I need a layman's understanding of the above questions.

 A: 
In the pic below and the decoder part, where does it gets the output
embeddings from?

The embedding layer (which is shared with the input embeddings too).

Why does it need positional encoding?

Otherwise the attention mechanism wouldn't be able to distinguish the sentence "The dog ate the apple" from "The apple ate the dog".

What is Masked Multi-head attention?

An autoregressive density model's job is to learn $P(x_i | x_{j<i}; \theta)$. But for efficiency concerns, we'd like to feed the entire sequence $x_{1\ldots n}$ into the model, and then just implement things correctly so that the model doesn't look at any $x_j$ for $j\geq i$ when computing  $P(x_i | x_{j<i}; \theta)$. That's called masking.

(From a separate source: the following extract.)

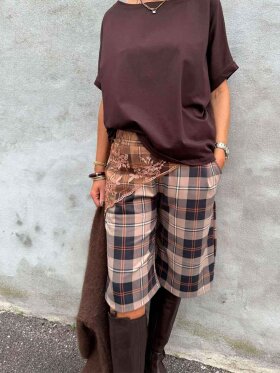 Amaze Cph - Gry Bermuda Shorts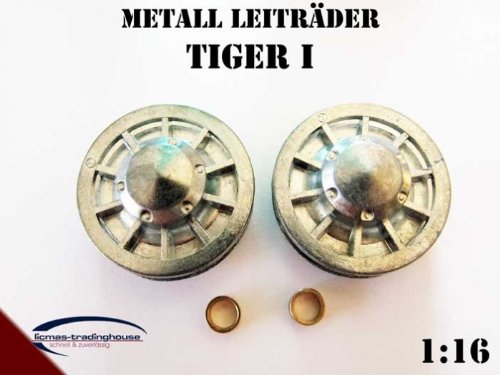 METALL LEITRÄDER LEITRAD HENGLONG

Why isn't the output of the encoder connected to the input of the
decoder? Instead, it is connected to the multi-head attention?

That's also a valid "input" to the decoder. It's not drawn at the bottom of the decoder block, but that doesn't make it any less of an input.

Two arrows represent the output of the encoder; what does it describe?

Attention is a function which takes 3 arguments: values, keys, and queries. The two arrows just show that the same thing is being passed for two of those arguments.